Start of Data section

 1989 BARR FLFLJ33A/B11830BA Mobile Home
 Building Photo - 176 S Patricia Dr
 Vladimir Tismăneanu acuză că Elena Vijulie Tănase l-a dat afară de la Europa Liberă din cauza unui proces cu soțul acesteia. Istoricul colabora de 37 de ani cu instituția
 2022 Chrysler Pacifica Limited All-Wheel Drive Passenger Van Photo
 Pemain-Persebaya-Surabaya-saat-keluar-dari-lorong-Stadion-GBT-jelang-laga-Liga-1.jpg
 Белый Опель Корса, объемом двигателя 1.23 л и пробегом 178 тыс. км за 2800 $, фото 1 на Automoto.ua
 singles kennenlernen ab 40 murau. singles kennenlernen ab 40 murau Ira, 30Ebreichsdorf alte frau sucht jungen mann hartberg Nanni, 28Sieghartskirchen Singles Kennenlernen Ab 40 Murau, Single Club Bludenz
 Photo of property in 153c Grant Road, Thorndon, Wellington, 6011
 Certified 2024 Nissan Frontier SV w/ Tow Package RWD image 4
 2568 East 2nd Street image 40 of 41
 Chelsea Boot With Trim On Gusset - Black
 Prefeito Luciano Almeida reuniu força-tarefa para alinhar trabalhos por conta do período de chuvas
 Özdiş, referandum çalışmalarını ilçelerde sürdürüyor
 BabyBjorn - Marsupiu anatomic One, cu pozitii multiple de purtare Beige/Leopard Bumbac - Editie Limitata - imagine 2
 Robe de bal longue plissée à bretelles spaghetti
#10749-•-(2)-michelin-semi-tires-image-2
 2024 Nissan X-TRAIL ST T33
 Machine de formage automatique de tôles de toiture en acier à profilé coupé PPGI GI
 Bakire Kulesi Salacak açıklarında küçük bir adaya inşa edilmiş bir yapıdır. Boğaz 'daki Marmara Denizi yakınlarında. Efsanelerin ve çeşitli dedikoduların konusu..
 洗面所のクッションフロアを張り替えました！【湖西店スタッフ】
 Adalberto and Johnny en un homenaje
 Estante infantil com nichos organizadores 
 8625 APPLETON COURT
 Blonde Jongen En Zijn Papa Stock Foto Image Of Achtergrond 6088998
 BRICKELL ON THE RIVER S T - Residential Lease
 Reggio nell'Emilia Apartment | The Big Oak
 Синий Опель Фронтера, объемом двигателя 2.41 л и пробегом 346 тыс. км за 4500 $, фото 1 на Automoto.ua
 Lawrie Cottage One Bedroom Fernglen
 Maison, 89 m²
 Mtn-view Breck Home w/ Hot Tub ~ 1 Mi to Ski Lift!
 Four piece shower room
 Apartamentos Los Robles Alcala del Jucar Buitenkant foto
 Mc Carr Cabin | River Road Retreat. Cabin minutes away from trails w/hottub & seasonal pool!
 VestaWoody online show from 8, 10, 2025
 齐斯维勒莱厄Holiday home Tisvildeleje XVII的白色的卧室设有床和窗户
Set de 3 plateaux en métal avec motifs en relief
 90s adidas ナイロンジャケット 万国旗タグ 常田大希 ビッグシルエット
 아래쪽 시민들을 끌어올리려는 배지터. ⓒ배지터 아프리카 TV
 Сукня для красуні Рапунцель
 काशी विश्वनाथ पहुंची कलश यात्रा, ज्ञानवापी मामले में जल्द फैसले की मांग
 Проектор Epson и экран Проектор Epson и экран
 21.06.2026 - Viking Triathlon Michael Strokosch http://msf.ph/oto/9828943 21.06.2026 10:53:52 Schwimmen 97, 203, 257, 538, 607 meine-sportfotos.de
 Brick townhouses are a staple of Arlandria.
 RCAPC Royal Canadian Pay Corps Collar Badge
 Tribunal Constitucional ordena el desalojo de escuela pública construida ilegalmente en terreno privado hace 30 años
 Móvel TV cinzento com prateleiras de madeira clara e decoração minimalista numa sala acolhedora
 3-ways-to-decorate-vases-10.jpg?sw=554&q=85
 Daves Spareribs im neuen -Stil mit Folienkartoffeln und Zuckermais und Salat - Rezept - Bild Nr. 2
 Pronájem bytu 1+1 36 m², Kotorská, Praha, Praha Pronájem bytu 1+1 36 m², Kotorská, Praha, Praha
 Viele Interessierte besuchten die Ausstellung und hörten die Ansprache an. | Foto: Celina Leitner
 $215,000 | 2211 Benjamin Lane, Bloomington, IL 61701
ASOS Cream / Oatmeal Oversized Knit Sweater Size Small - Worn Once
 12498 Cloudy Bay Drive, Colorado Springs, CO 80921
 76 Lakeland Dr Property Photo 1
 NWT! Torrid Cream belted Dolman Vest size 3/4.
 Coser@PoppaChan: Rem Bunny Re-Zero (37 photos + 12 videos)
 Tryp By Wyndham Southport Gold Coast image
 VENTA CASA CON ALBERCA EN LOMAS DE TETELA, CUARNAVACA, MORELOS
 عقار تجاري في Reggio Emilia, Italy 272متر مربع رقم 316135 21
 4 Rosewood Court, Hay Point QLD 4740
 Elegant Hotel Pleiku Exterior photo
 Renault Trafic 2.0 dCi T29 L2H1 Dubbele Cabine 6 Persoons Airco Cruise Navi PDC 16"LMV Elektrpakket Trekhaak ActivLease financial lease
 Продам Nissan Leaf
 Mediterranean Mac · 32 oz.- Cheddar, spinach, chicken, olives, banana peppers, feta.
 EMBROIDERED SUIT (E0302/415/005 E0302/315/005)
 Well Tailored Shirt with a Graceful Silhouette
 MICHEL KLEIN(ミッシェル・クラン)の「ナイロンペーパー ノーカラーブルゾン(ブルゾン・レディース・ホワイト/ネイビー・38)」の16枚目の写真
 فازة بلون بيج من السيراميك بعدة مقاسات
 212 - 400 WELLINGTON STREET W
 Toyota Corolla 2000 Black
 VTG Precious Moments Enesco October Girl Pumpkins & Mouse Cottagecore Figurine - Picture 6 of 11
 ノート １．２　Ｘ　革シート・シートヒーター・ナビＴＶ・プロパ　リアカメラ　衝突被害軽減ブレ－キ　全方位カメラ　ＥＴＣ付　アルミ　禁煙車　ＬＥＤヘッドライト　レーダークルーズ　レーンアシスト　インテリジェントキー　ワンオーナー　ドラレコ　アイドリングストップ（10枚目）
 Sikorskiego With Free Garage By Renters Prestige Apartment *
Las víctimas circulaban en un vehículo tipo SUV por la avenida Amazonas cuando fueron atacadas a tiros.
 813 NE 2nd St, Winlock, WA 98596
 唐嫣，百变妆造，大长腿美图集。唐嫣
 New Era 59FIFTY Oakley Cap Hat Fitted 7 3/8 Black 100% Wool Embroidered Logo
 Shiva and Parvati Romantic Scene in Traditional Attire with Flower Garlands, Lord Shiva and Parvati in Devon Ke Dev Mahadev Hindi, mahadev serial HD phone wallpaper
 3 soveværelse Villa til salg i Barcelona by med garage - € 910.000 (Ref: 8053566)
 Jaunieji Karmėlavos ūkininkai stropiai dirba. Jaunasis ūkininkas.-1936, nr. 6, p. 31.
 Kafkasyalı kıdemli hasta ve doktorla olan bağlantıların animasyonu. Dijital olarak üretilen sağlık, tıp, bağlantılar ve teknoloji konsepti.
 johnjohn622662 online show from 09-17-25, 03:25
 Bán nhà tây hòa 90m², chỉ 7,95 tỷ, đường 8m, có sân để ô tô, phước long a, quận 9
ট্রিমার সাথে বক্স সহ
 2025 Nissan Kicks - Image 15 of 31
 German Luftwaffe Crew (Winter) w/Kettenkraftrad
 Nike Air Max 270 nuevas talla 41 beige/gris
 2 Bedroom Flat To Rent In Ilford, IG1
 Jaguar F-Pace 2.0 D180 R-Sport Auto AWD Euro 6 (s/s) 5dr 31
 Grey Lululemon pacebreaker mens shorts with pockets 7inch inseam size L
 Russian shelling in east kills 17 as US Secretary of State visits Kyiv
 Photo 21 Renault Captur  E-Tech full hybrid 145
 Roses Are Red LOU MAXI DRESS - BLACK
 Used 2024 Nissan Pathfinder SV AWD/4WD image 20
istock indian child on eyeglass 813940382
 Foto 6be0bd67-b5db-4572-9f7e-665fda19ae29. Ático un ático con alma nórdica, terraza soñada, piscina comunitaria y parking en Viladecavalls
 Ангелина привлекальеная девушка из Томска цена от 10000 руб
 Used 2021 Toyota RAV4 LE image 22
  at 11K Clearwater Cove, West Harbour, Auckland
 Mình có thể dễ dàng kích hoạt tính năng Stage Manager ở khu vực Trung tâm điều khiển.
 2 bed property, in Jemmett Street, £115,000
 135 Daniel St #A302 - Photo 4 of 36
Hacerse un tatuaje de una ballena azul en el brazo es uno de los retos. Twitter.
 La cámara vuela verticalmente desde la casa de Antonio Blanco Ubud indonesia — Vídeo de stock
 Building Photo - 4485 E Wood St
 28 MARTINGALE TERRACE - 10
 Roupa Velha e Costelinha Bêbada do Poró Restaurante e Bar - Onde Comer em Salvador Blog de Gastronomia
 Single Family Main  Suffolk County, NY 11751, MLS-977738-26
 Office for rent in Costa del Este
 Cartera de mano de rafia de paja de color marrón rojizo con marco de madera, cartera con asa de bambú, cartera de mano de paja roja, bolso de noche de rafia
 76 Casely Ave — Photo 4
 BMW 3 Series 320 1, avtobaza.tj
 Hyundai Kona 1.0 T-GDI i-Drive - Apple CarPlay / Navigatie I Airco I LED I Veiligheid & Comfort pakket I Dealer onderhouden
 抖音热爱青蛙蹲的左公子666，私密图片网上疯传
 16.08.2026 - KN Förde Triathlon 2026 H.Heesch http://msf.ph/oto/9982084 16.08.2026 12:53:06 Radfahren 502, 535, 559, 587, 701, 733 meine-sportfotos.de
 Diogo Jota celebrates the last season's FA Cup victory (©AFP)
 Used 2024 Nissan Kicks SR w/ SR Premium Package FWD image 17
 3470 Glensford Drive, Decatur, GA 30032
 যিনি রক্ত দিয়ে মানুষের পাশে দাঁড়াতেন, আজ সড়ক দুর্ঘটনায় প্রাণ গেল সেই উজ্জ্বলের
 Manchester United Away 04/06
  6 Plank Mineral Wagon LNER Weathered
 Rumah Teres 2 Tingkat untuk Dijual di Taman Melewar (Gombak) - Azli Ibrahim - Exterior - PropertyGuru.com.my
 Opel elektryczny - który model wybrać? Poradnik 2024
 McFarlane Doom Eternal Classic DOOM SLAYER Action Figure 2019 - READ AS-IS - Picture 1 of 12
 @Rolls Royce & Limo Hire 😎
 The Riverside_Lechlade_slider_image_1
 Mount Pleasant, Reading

End of Data section

**Problem requirements**
Report each line in the data that holds the word "from".

**Task answer**
 Mc Carr Cabin | River Road Retreat. Cabin minutes away from trails w/hottub & seasonal pool!
 VestaWoody online show from 8, 10, 2025
 johnjohn622662 online show from 09-17-25, 03:25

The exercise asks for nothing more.